ACTING CHAIR —A submission by Dr Nick Seddon, who is with the Australian National University, suggests including in section 70A, after the words `until the parliament otherwise provides but subject to this Constitution', the words `any immunity privilege or rule of statutory interpretation', to pick up that point. Do you think that is a valid suggestion?

Mr Faulkner —I might just say on that point that the exposure draft version of this provision had included something more like a list of the terms that have been used to describe various elements of the prerogative, which is what we are talking about here. We received a number of submissions going to quite how one ought to describe those various elements of the prerogative and we decided, on reflection, that the safest way to refer to the prerogative—in so doing, capturing all of the various elements, because there are a number of different ways they have been described over the years—was to use the very general term `prerogative'. That was in the expectation—I think quite reasonable—that a court or any relevant person looking at this would understand that reference to be a reference to all of those prerogative powers, immunities, advantages and so on deriving from the royal prerogative. We see this is a safer mechanism for achieving the kind of thing that Dr Seddon may have had in mind.

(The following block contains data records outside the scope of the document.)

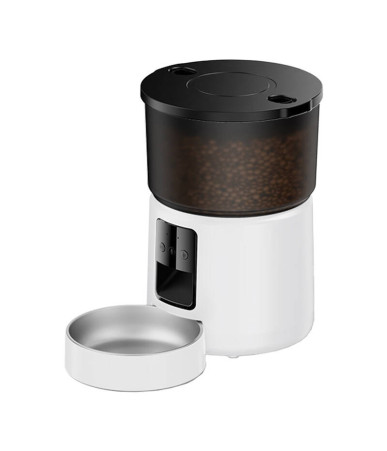 Rojeco Distributore Cibo Smart WiFi 3L Bianco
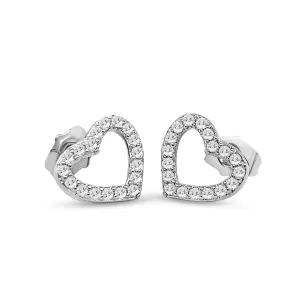 Siena Heart Studs by AZ Essentials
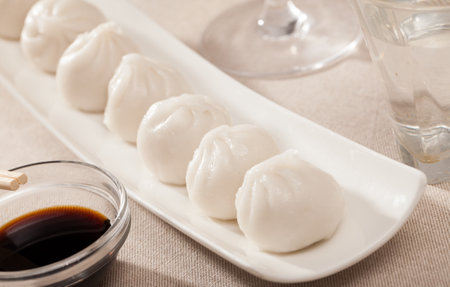 Chinese dumplings dim sumの写真素材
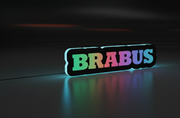 Mercedes Illuminated LED Radiator Grille Emblems and Badges with Brabus logo Mercedes Led Emblems decoinfabric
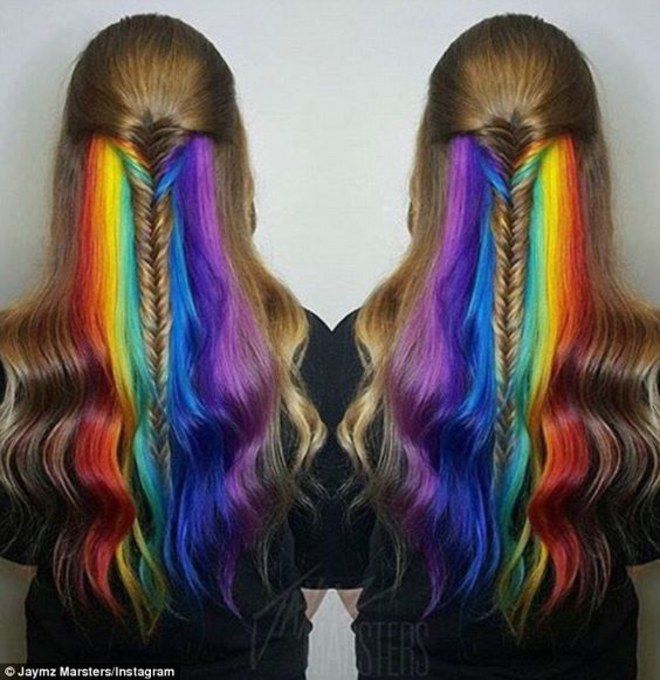 As cores de cabelo mais descoladas do Pinterest | Peekaboo hair .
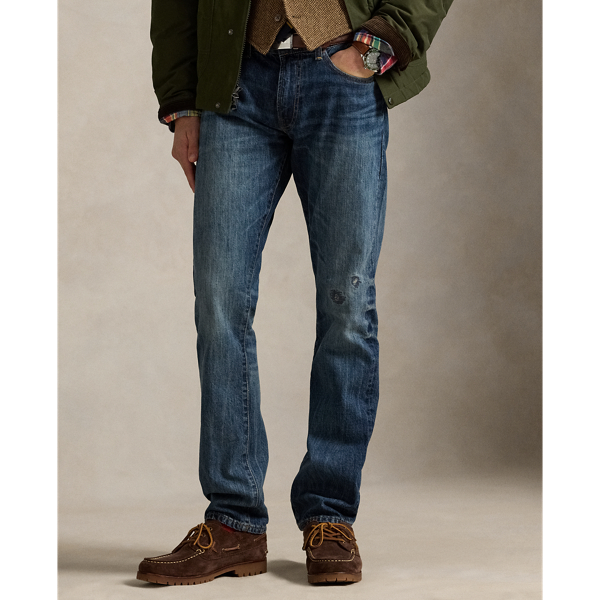 matsuken1955✨ポロラルフローレン　VARICK SLIM Varick Slim Straight Distressed Jean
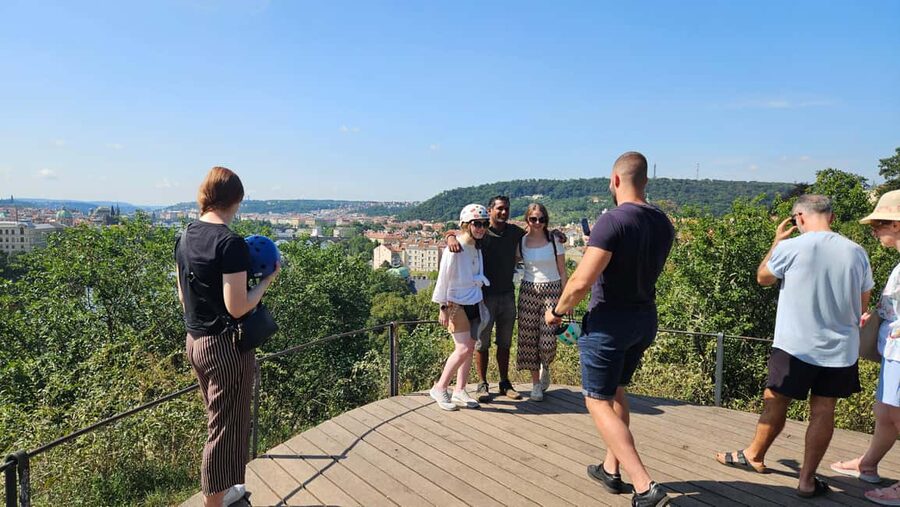 Heart of Prague tour on Tricycle electric scooter - Prague Castle and the route toward Strahov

As I say, our original version did have a rather more exhaustive list. The concern was that, no matter how many terms you put in, you might be seen to have been trying to put up an exhaustive list which missed something along the way. There is nowhere you can turn to, to find an absolutely authoritative statement of how you should describe all of the various elements of the prerogative.


Mr McCLELLAND —Do you think it is sufficiently accepted that there are conventions regarding the exercise of that crown prerogative? Would people generally accept that it would be inappropriate for the current Governor-General, or indeed the Queen of England, to go and declare war, that she would not do it or that our Governor-General would not do that without advisement?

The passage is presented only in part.